WORK REQUEST.
From the line with "May include: Cream-colored, hand-crocheted" through the line with "Fototapeta premium Bright", repeat the entries verbatim, both end lines included, and add nothing.

EXERCISE INPUTS.
^^^^

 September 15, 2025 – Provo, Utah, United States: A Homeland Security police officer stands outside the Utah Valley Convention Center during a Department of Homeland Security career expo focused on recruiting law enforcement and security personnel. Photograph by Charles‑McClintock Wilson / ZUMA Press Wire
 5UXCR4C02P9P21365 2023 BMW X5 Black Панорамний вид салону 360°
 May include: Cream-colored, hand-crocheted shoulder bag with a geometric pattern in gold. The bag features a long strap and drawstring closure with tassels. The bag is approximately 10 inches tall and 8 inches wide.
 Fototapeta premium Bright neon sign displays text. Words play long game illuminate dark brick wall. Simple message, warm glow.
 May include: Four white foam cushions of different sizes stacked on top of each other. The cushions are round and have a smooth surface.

^^^^

PROBLEM SOLUTION.
 May include: Cream-colored, hand-crocheted shoulder bag with a geometric pattern in gold. The bag features a long strap and drawstring closure with tassels. The bag is approximately 10 inches tall and 8 inches wide.
 Fototapeta premium Bright neon sign displays text. Words play long game illuminate dark brick wall. Simple message, warm glow.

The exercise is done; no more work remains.